Eh bien, non. Il était dit que personne n’écoperait cette nuit-là. Comme nous arrivions sur la barricade, l’affaire venait de finir. Les Prussiens, qui espéraient surprendre notre petit poste, — le trouvant sur ses gardes et à l’abri d’un coup de main, — s’étaient retirés prudemment ; et nous eûmes juste le temps de les voir disparaître au bout de la plaine, silencieux et noirs comme des cancrelats. Toutefois, dans la crainte d’une nouvelle attaque, on nous fit rester à la gare de Rueil, et nous achevâmes la nuit debout et l’arme au pied, les uns sur la chaussée, les autres dans la salle d’attente…

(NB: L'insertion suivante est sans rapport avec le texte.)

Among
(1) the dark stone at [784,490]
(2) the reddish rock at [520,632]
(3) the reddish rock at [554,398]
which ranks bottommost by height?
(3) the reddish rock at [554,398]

Pauvre gare de Rueil que j’avais connue si joyeuse, si claire, gare aristocratique des canotiers de Bougival, où les étés parisiens promenaient leurs ruches de mousseline et leurs toquets à aigrettes, comment la reconnaître dans cette cave lugubre, dans ce tombeau blindé, matelassé, sentant la poudre, le pétrole, la paille moisie, où nous parlions tout bas serrés les uns contre les autres et n’ayant d’autre lumière que le feu de nos pipes et le filet de jour venu du coin des officiers ?… D’heure en heure, pour nous distraire, on nous envoyait par escouades tirailler le long de la Seine ou faire une patrouille dans Rueil, dont les rues vides et les maisons presque abandonnées s’éclairaient des froides lueurs d’un incendie allumé par les Prussiens au Bois-Préau… La nuit se passa ainsi sans encombre ; puis au matin on nous renvoya…

Quand je rentrai à Nanterre, il faisait encore nuit. Sur la place de la Mairie, la fenêtre du télégraphe brillait comme un feu de phare, et dans le salon de l’état-major, en face de son foyer où s’éteignaient quelques cendres chaudes, M. le tabellion souriait toujours paisiblement…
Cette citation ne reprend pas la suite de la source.